Pendant ce temps, le calvaire interminable des habitants de la Ghouta orientale se poursuit. Selon Abou Shadi Aadala, militant de l’opposition syrienne, les habitants de la Ghouta, qui ont vécu une attaque chimique en 2013, sont plus que jamais terrorisés, alors que les villes de la région son paralysées depuis plus d’une semaine.
« Lorsque le cessez-le-feu a été décrété par le Conseil de sécurité de l’ONU, les gens ici se sont réjouis. Il y a eu de l’espoir. Une trêve allait permettre à la population de la Ghouta de quitter enfin les caves et les sous-sols, où elle a trouvé refuge ces derniers jours, raconte-t-il à RFI. Les gens ont cru pouvoir sortir pour récupérer au moins de quoi nourrir leurs enfants. Mais en fait la population a très vite compris que cette trêve n’allait pas mettre un terme aux frappes aériennes. Au contraire, depuis la proclamation de la trêve une offensive terrestre s’est ajoutée aux raids aériens. »
Face à ces bombardements, les civils essayent tant bien que mal de se protéger. « Les gens sont toujours terrés dans les caves. Ils ont peur, ils craignent qu’un nouveau carnage soit commis, poursuit Abou Shadi Aadala. N’oubliez pas que la Ghouta est une région qui a vécu un violent traumatisme. Des armes chimiques ont été utilisées contre cette population qui est assiégée depuis cinq ans. »
L’utilité de l’ONU remise en question
La poursuite des combats en Syrie entraîne en tout cas un constat : l’impuissance de l’ONUà peser sur le cours de la guerre.

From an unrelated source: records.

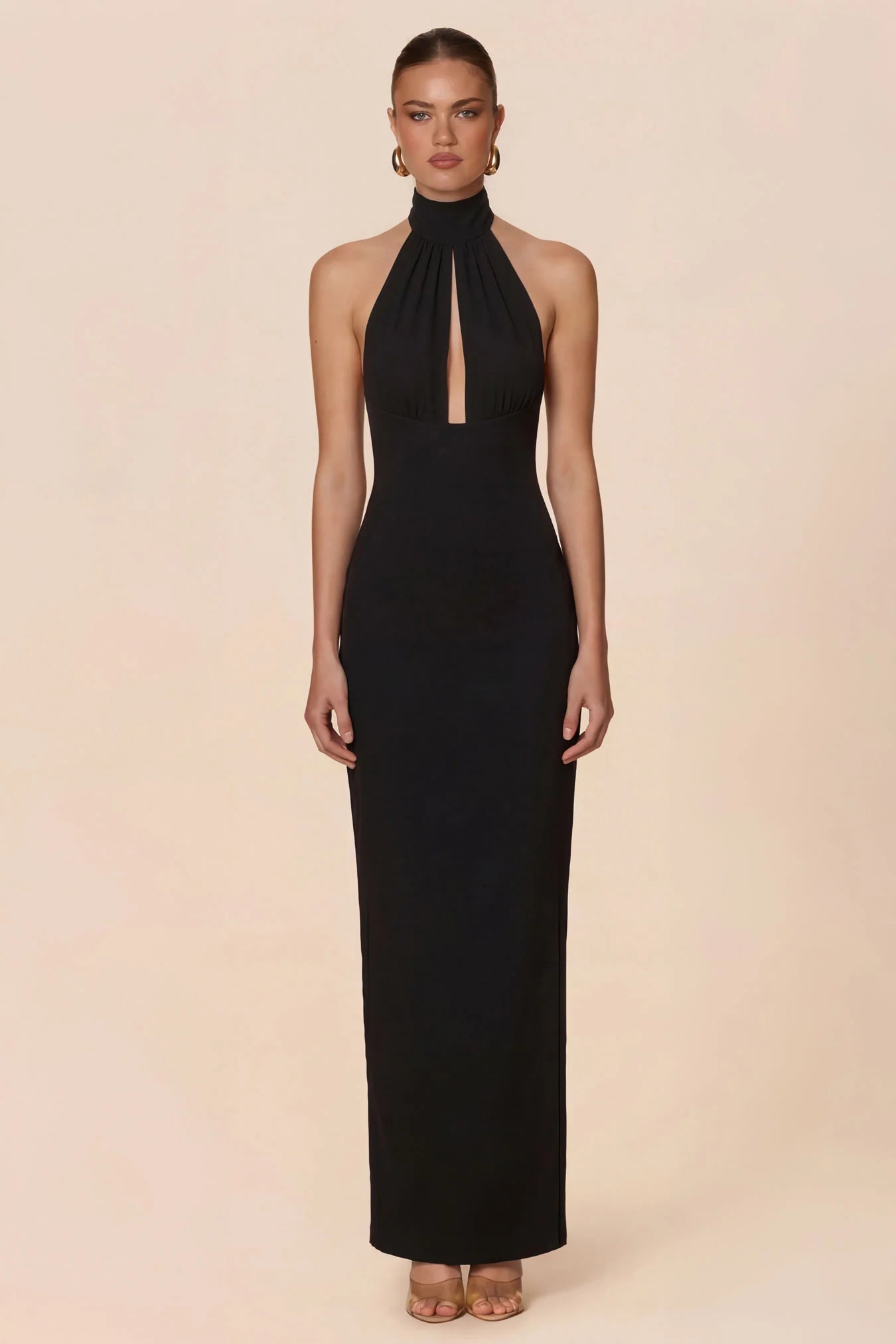 NOOKIE - MARTINI HALTER GOWN - BLACK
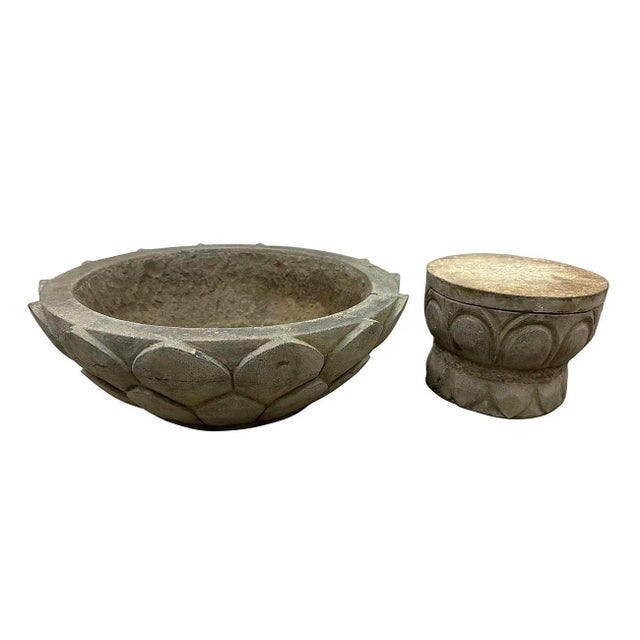 Vintage Chinese Hand Chiseled Stone Planter For Sale In Los Angeles - Image 6 of 9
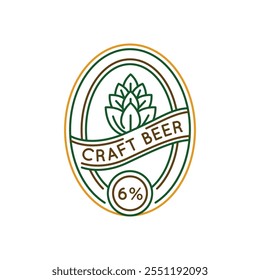 Simple Logo with Craft Beer icon. Simple badge with craft Beer icon for social media, app, and web design. Vector illustration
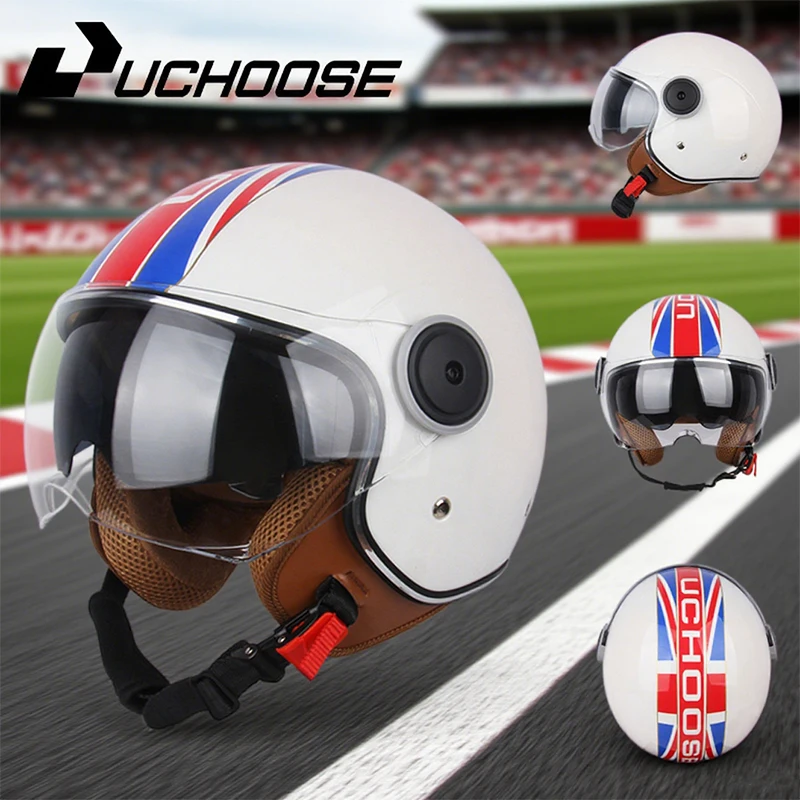 

UCHOOSE 3/4 Open Face Motorcycle Helmets With For Men Women Vintage Moto Bike Cascos Scooter Protective helmets
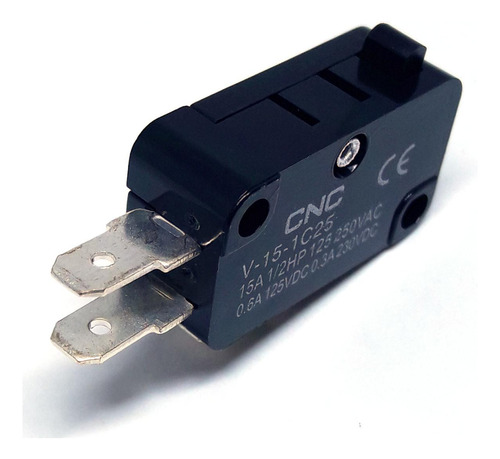 Micro Switch Modelo V-15-1c25 Cnc 28x16x10mm Preto 15a 0,5hp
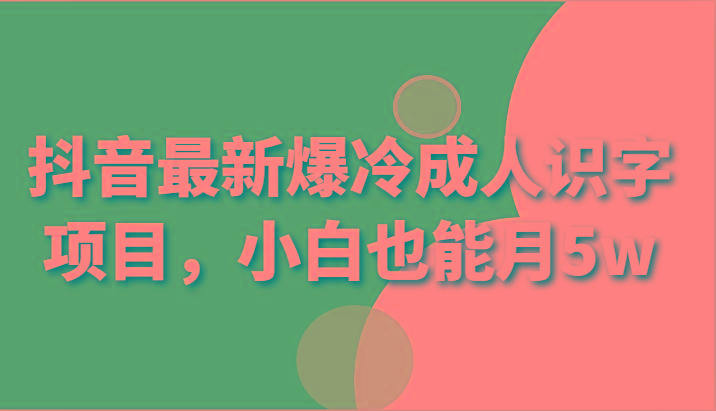 抖音最新爆冷成人识字项目，小白也能月5w-天使资源网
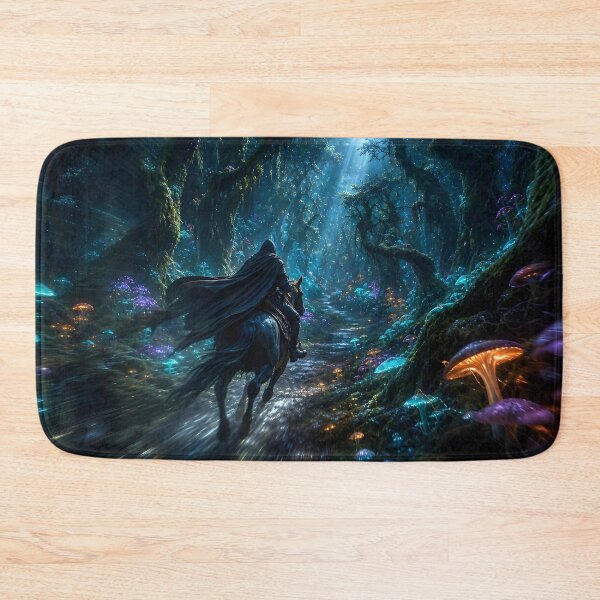 Item preview, Midnight Rider Through the Enchanted Forest – Dark Fantasy Horse Adventure designed and sold by DreamyWallVibes.
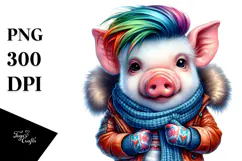 Agressive Baby Pig for Winter PNG Product Image 1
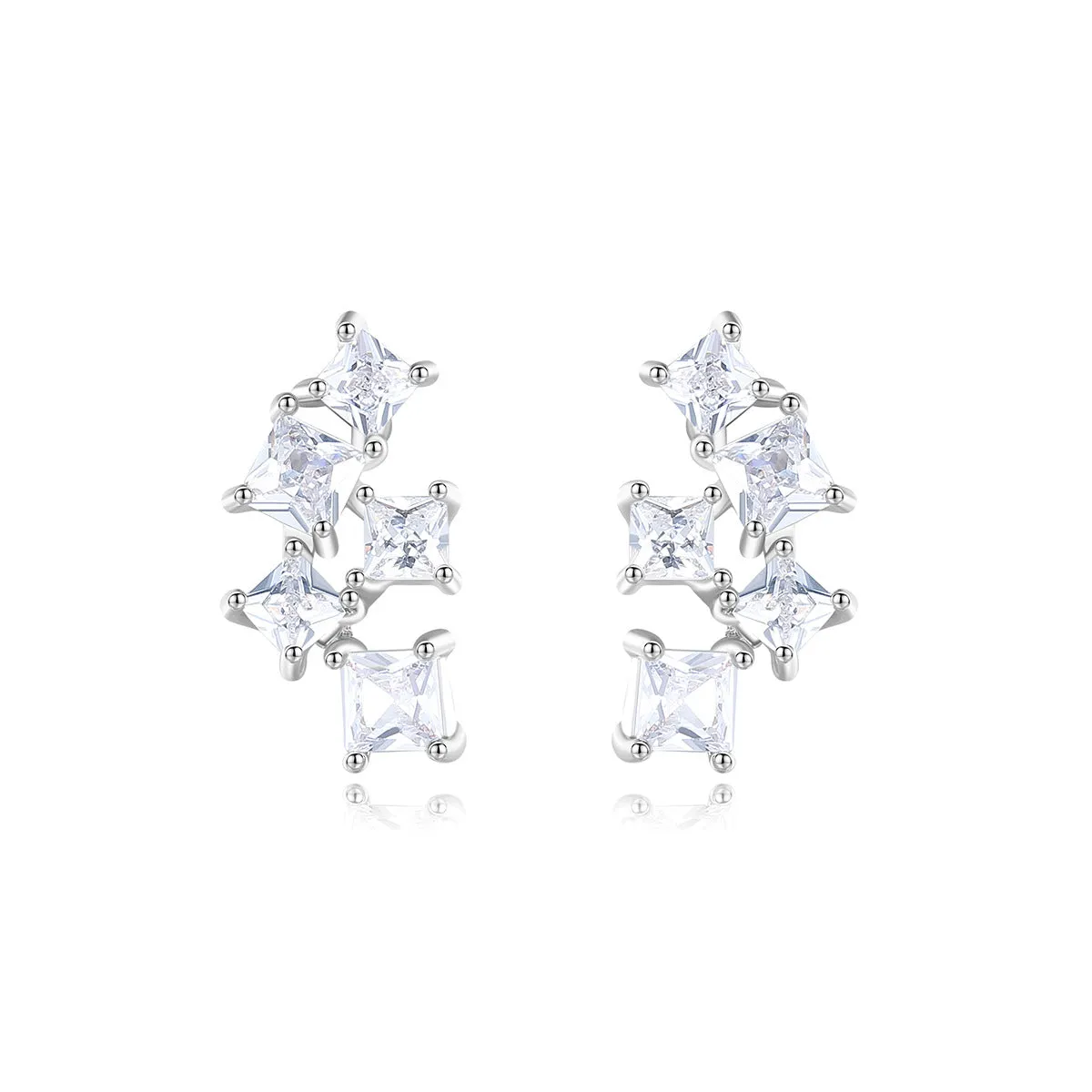 Crystal & Silver-Plated Cluster Stud Earrings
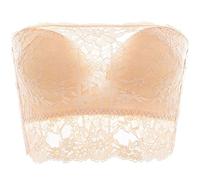 ZESLIV Femme Soutien-Gorge Bretelles Amovibles Bandeau Dentelle sans Couture, Couleur de Peau 90C Extensible Non Rembourré Bandeau Top Bra Soutien-Gorge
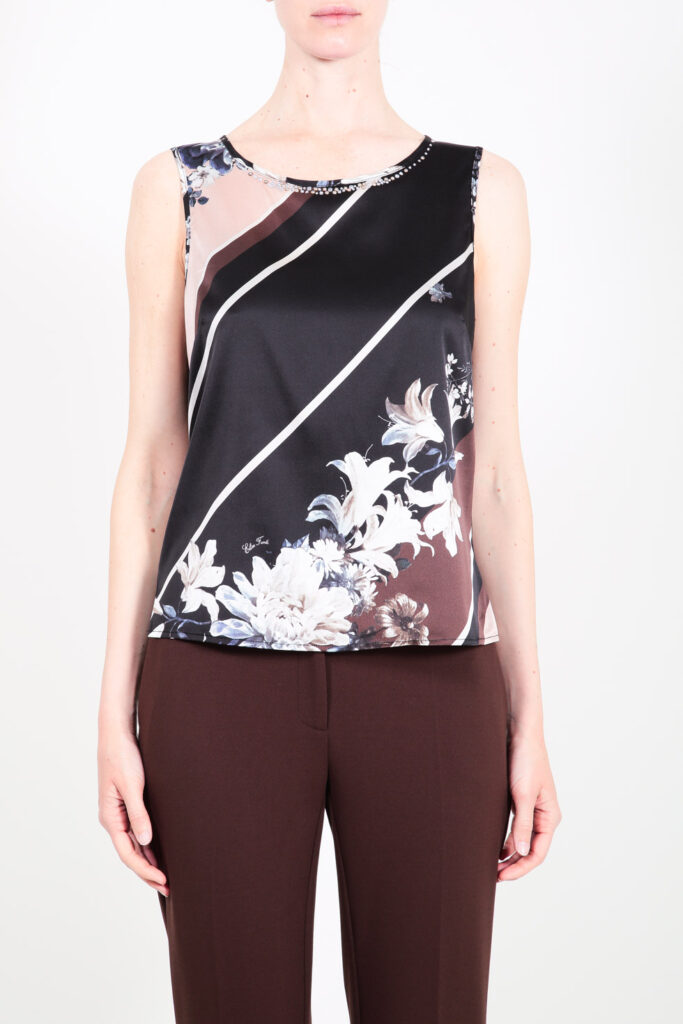 ELISA FANTI F/W 21/22 SERIE My Secret Garden TOP IN SETA CON STAMPA FLOREALE E STRASS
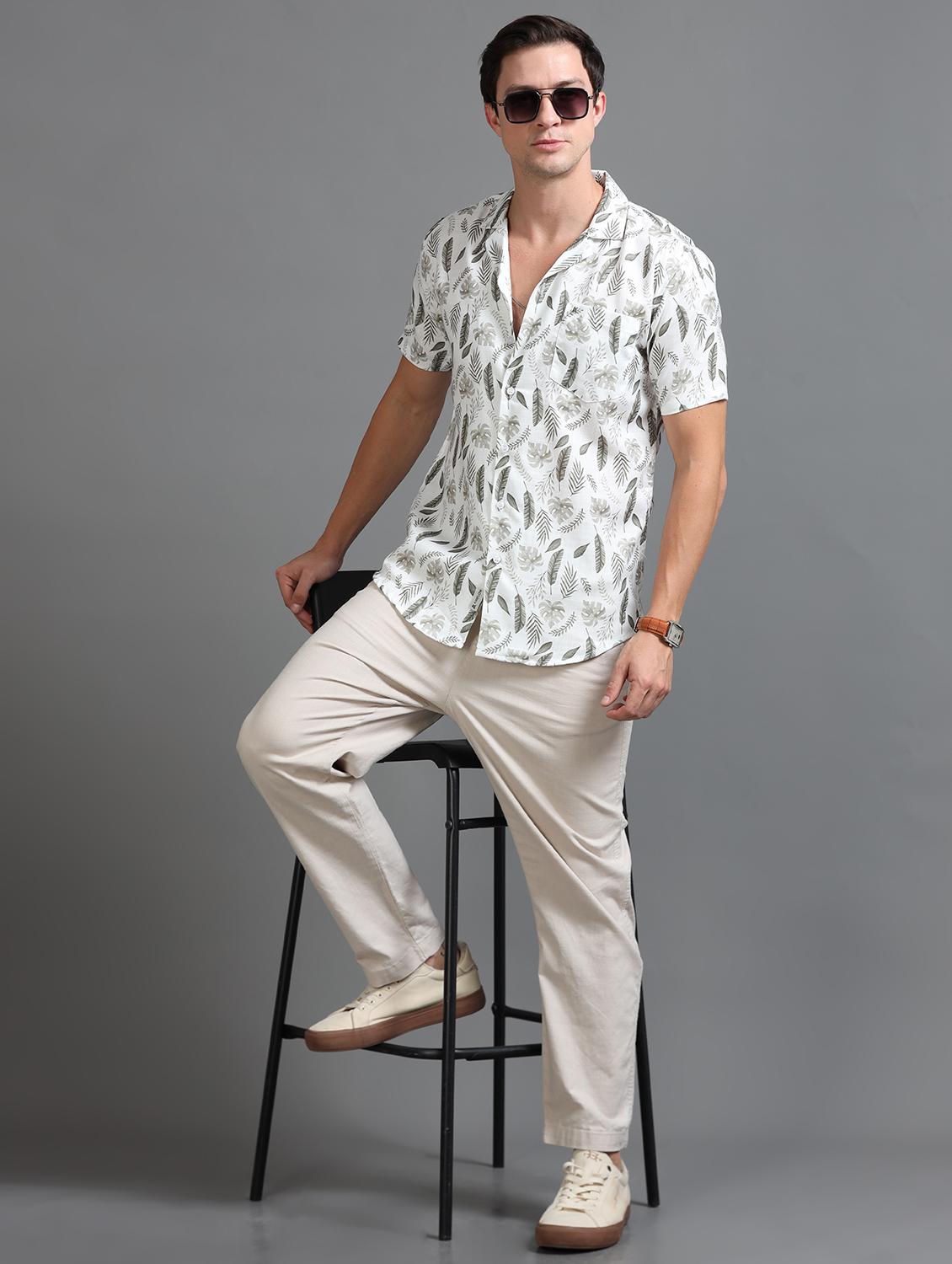 men printed short sleeves casual shirt - 21646682 - Standard Image - 4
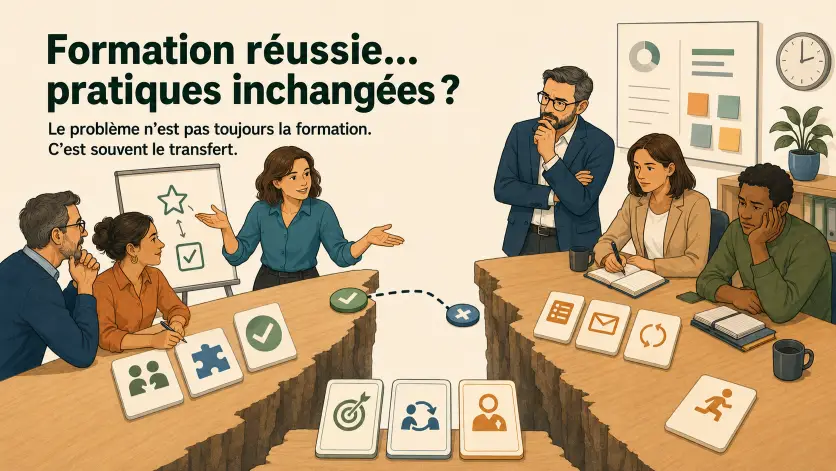 Illustration montrant une formation appréciée mais peu appliquée sur le terrain, avec un passage manquant entre la session de formation et le transfert dans les pratiques professionnelles.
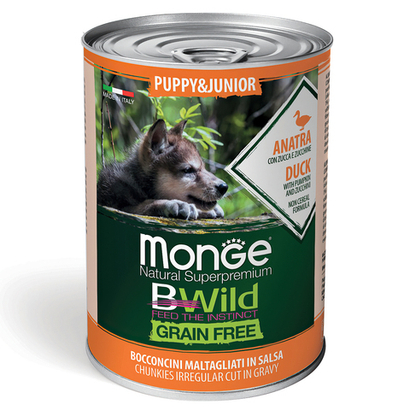 Влажный корм Monge Dog BWild GRAIN FREE Puppy&Junior для щенков и беременных собак, беззерновой, из утки с тыквой и кабачками, консервы 400 г - 24 шт
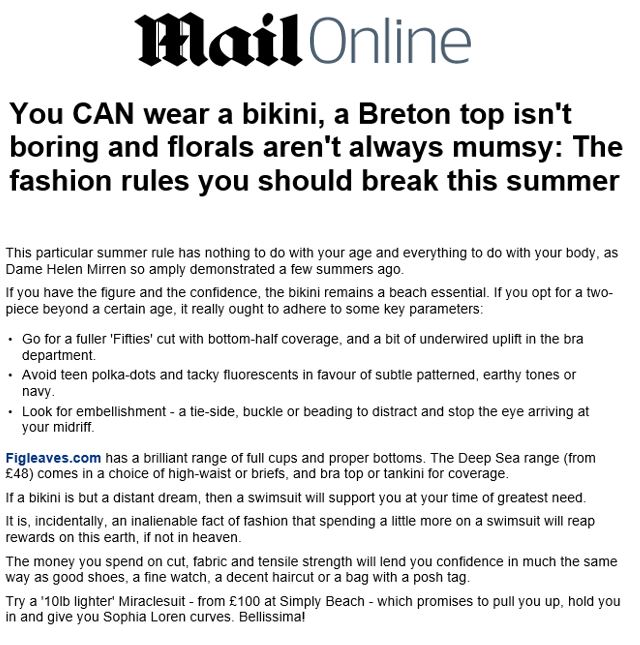 Mail on Line -You can wear a bikini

L’autorité du Conseil de sécurité est une nouvelle fois contestée après le vote unanime d’une trêve dans la douleur, il y a 48 heures mais dont l’application sur le terrain est nulle Au point que certains s’interrogent ouvertement aujourd’hui sur l’utilité de l’ONU, relate notre correspondante à New York, Marie Bourreau.
Il y a quelques jours, trois panneaux publicitaires avaient été placés devant le siège de l’organisation à New York : « 500 000 morts en Syrie » disait l’un, « Pas d’action du Conseil de sécurité » disait l’autre. « Comment cela est-il possible ? » accusait le dernier.
La réponse tient évidemment au clivage du Conseil de sécurité qui compte parmi ses membres permanents la Russie, principale alliée de Damas qui dispose d’un droit de veto. A onze reprises depuis le début du conflit syrien, Moscou s’est opposée à des résolutions et a permis la poursuite du conflit et les sièges d’Alep, d’Idlib et de la Ghouta orientale, en violation du droit international et de toutes les règles de la guerre.
Il ne reste donc aux diplomates du Conseil de sécurité – que certains experts assurent être en « état de mort clinique » sur le dossier syrien – que les mots pour exercer une pression publique sur le Kremlin.
Depuis sept ans, les discours sont de plus en plus pessimistes sur la crédibilité de l’ONU. Que ce soit l’ancien secrétaire général Ban Ki-moon qui évoquait un carnage qui laisse « un trou béant dans la conscience mondiale » à l’ambassadeur français François Delattre qui prévenait ses pairs il y a encore quelques jours : « Prenons garde que la tragédie syrienne ne soit pas aussi le tombeau des Nations unies ».